You may remember those mock-up wayfinding signs placed at three different locations last year. Most everyone agreed that those signs were just too large for the downtown “Colony District.”
The primary goal of the city and Main Street has been to lead shoppers to those shops. The merchants in the area claim nobody knows they are there.
Now it appears that the city has come up with some signage for the downtown core that everyone likes. There will be an attempt to label Entrada Avenue from El Camino Real to Palma as the “Shops on Entrada,” and Traffic Way stores will be known as “Shops on Traffic.”
I don’t understand why they’ve dropped “Way” out of the picture. The Entrada district should go all the way to Lewis Avenue because someday those buildings, now residential dwelling units, will become valuable retail space, too. That would make it consistent with Traffic Way, only a block away, which extends to Lewis Avenue.

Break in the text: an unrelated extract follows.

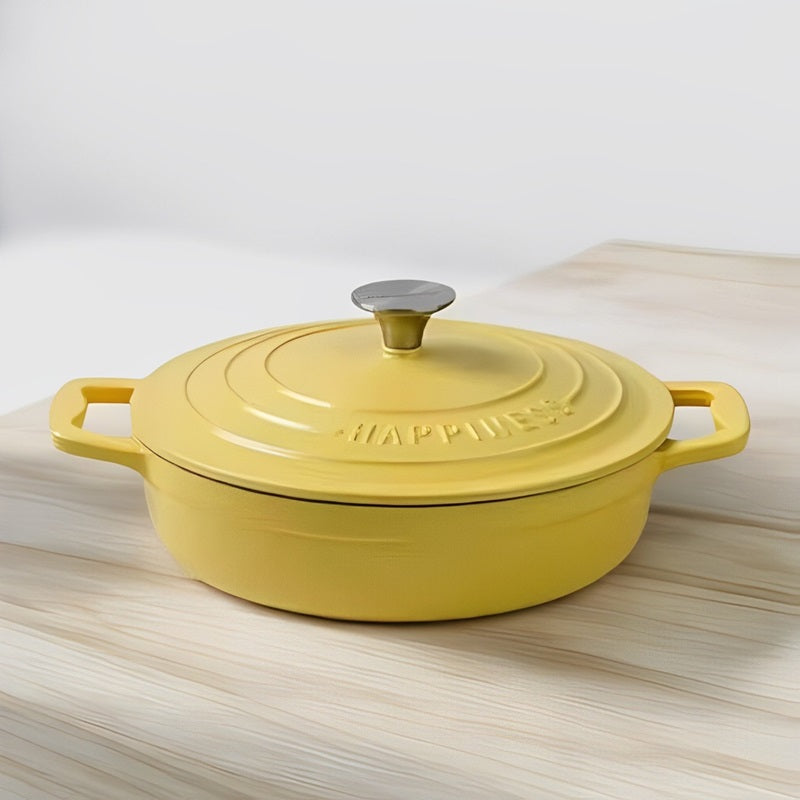 Premium Cast Iron Cooking Pot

What has me excited is that Main Street has agreed to not only maintain the new signage, but police non-conforming signs such as the A-frame signs, which can only be placed in front of the businesses they are advertising, not a block away on a public sidewalk like they are now.
Not even formal complaints against those signs over the past several years by me have been able to get them removed. My cynical side sees those same illegal A-frame signs being chained to the new wayfinding signs. I hope this doesn’t happen.
Readers can help, too, by pointing out illegal signs to the city and Main Street.
The city will provide 12-foot lighted decorative street signs, which will be topped by the attractive bronze medallion that carries the city logo. The exact locations haven’t been determined.
In addition, lighted 3-by-7-foot kiosks sitting on a 7-foot pole will list individual business nearby. Each sign will have tempered glass doors that allow access to add and remove business names.
The cost to the taxpayers is a little over $48,000 for these downtown signs.
Because of the uniqueness of the signs, the city won’t be going to bid but will award the job to Signs of Success, Inc. in order to maintain consistency with all the other new signs throughout downtown.
The city’s purchasing policy allows for this exception to the normal bidding process.
Sounds like another step forward for Atascadero’s downtown district.